**Assigned task**
Below, some lines carry pictures; leave those pictures out and retype exactly the lines from the one with "Retro King Chelsea boots for MenFull Grain" through the one with "2019 Hyundai Elantra".

**Data provided**
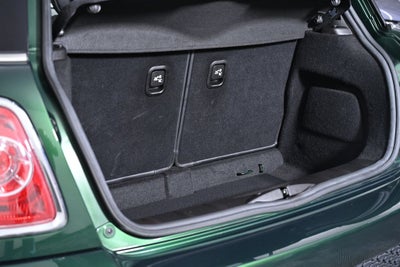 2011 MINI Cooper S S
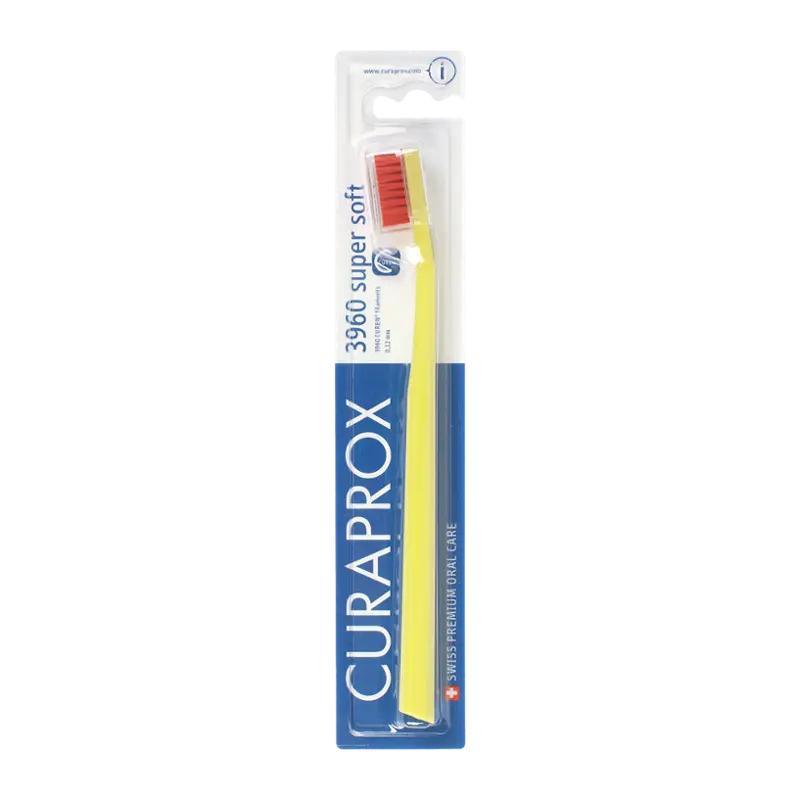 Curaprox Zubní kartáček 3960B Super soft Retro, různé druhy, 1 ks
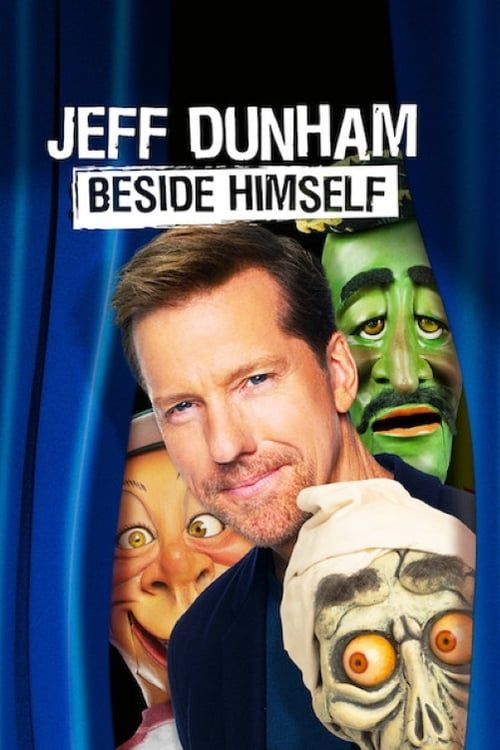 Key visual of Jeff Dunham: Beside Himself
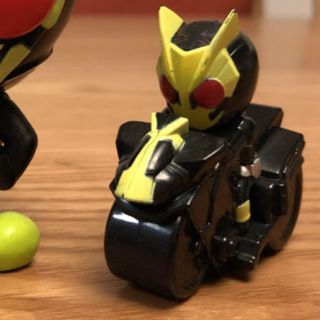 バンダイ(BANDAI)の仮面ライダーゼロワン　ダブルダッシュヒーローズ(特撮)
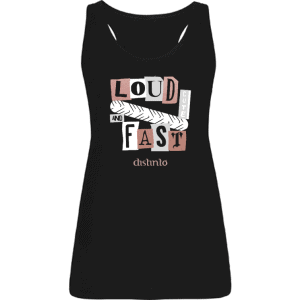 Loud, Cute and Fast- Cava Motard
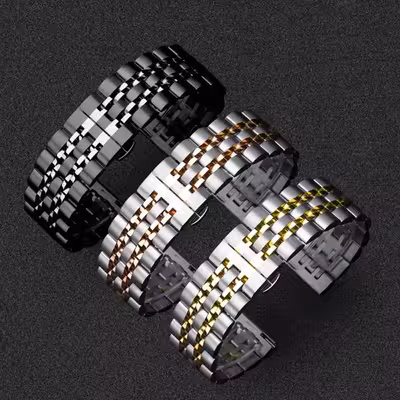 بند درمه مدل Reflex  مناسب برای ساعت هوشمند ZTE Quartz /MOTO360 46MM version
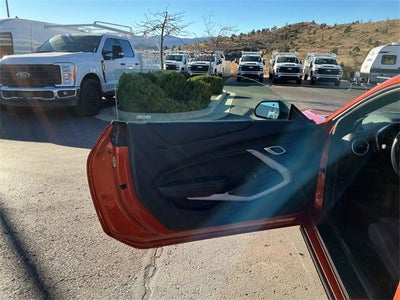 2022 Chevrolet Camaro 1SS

---

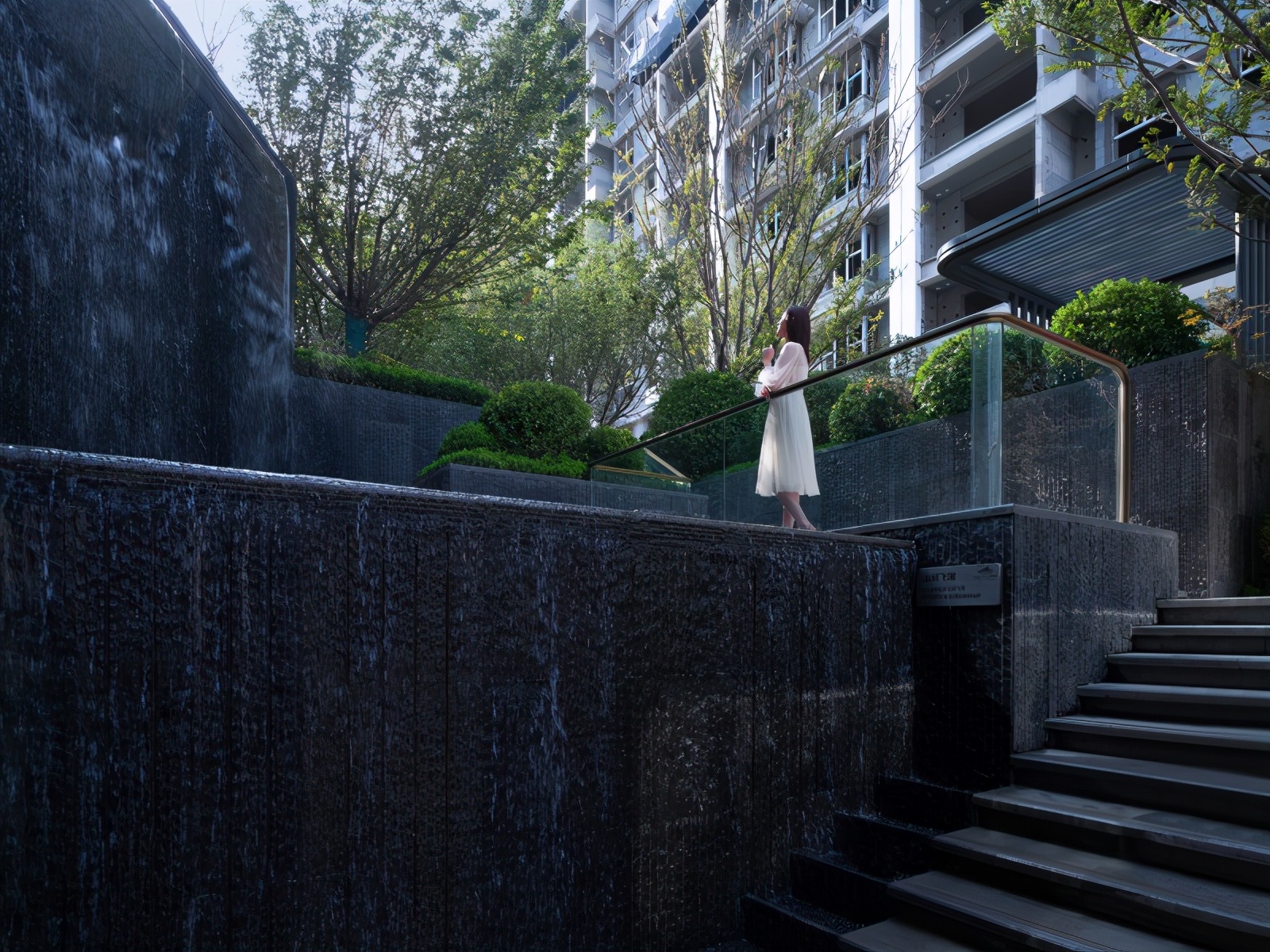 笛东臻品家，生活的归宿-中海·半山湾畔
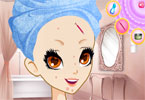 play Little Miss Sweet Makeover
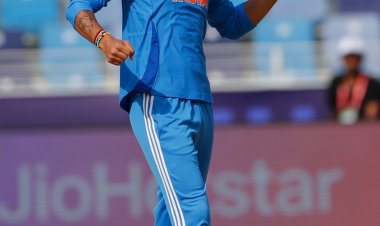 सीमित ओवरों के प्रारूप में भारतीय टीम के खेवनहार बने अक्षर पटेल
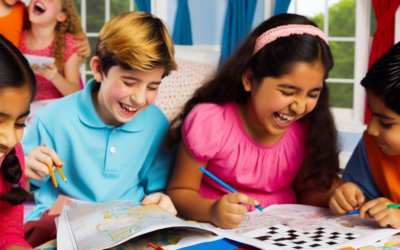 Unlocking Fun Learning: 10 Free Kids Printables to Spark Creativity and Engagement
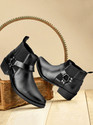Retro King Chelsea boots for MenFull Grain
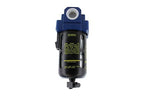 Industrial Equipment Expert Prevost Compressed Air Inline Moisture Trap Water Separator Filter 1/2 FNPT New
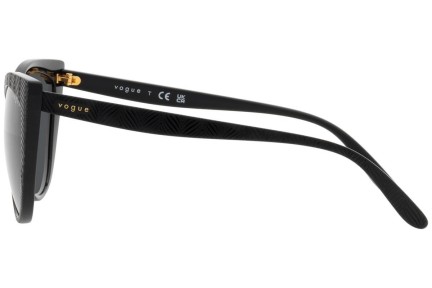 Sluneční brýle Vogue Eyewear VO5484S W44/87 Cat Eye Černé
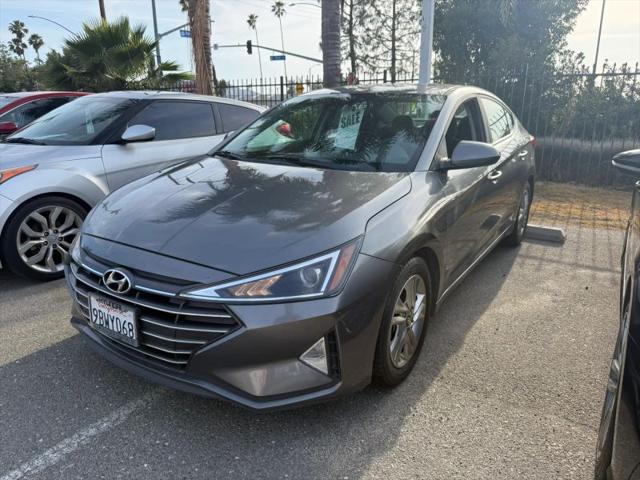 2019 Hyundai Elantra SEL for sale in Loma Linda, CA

...

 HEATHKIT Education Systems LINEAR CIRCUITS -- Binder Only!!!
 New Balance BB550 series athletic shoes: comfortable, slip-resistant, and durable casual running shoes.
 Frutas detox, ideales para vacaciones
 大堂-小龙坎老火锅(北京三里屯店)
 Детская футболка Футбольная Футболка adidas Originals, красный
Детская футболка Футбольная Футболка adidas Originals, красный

**Written response**
Retro King Chelsea boots for MenFull Grain
 Industrial Equipment Expert Prevost Compressed Air Inline Moisture Trap Water Separator Filter 1/2 FNPT New
 Sluneční brýle Vogue Eyewear VO5484S W44/87 Cat Eye Černé
 2019 Hyundai Elantra SEL for sale in Loma Linda, CA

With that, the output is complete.